Posted by on Apr 5, 2013 in Fishing |

Fishing Friday: Is it Time to Get New Line?

Now that fishing season is on the horizon, it’s time for a little spring-time tackle prep. Start off by replacing your fishing line... all of your line.

I could start this off by telling you to check the fishing line on each and every one of your reels for nicks and chafing; I could suggest that you replace all line that’s more than three seasons old; I could inquire as whether you had break-offs last fall that lead you to believe that your line might be in need of replacement. But the truth of the matter is that if I did, you might lose a trophy fish this spring because you missed one little nick or twist. Having fresh, strong line is so imperative that you should spare no expense, ignore all other factors, and simply put fresh monofilament or braid fishing line on all of your reels each and every spring.

fishing line on reel

Is every inch of that fishing line on your reel in tip-top shape? If not, replace it. If so, replace it anyway.

Yeah, yeah, I know. You have 20 or 30 rods and reels, and this will cost an arm and a leg. It’ll take you hours. And you’ll have line-burns on your fingers by the time you get them all done. Tough luck. You’re a die-hard, dedicated angler, right? You signed up for this stuff. So quit your whining, and follow the process.

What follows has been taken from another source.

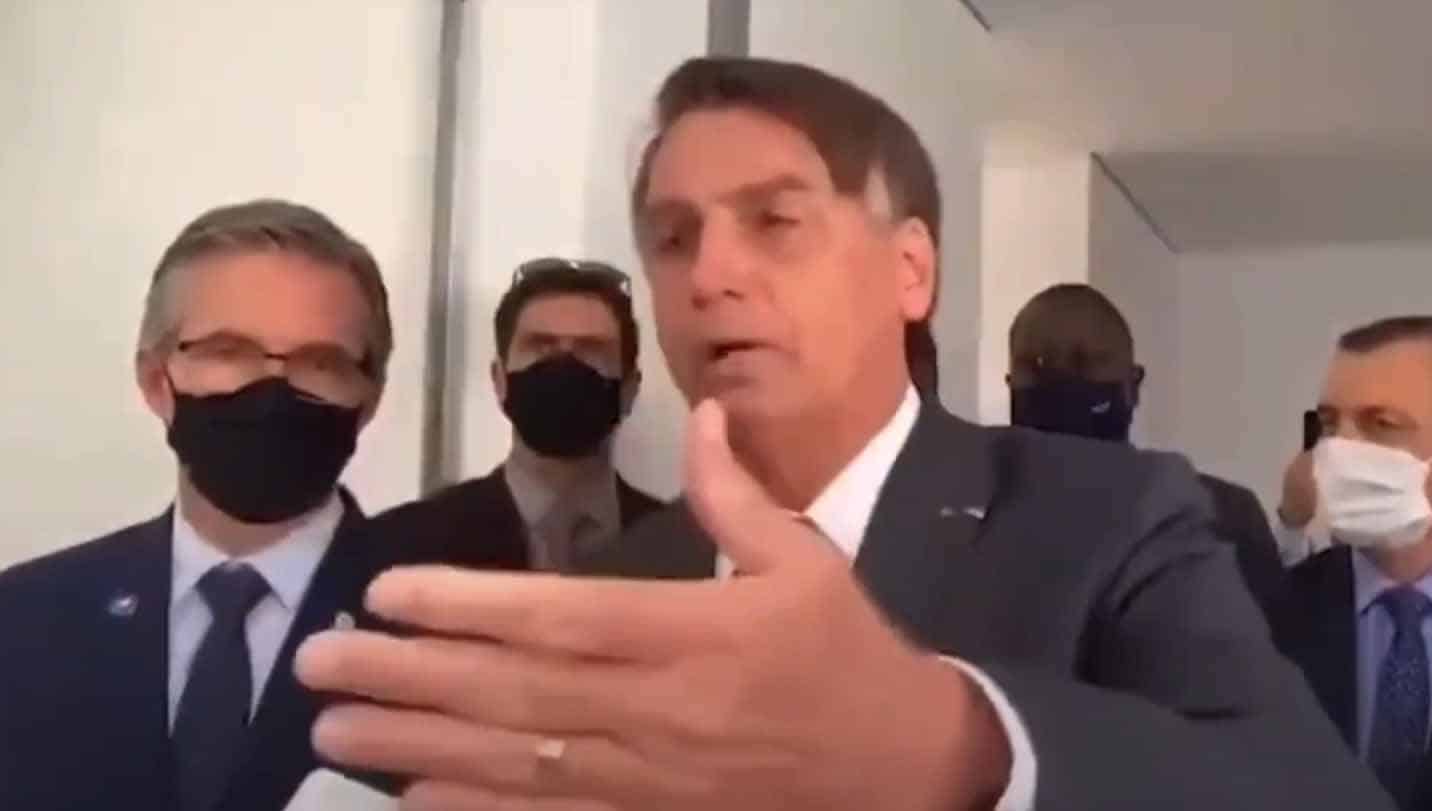Bolsonaro manda jornalista calar a boca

Step I: Go to your local K-Mart or Wal-mart, and complain because they don’t have the specific pound-test you need in the brand you like most.

Step II: Go to the tackle shop, and complain because their prices are twice as high as K-Mart or Wal-Mart.

Step III: Return home with six shopping bags full of fishing line. After you shred the receipt, carefully remove and shred the price tags from each and every spool to prevent your wife from figuring out you just withdrew $3,765 from the kid’s college fund to pay for 10,000 yards of fishing line.

Step IV: Spend every free hour of the next two weeks pulling old line off your reels, and winding new line back on.

Step V: Go out and hook a trophy fish. Revel in the knowledge that every inch of your line is in tip-top shape, until the fish swims by the prop and cuts your line on it. PS: now that your line has been dragged across the propeller, it could be nicked or chafed elsewhere and needs complete replacement. Fortunately, you know the drill.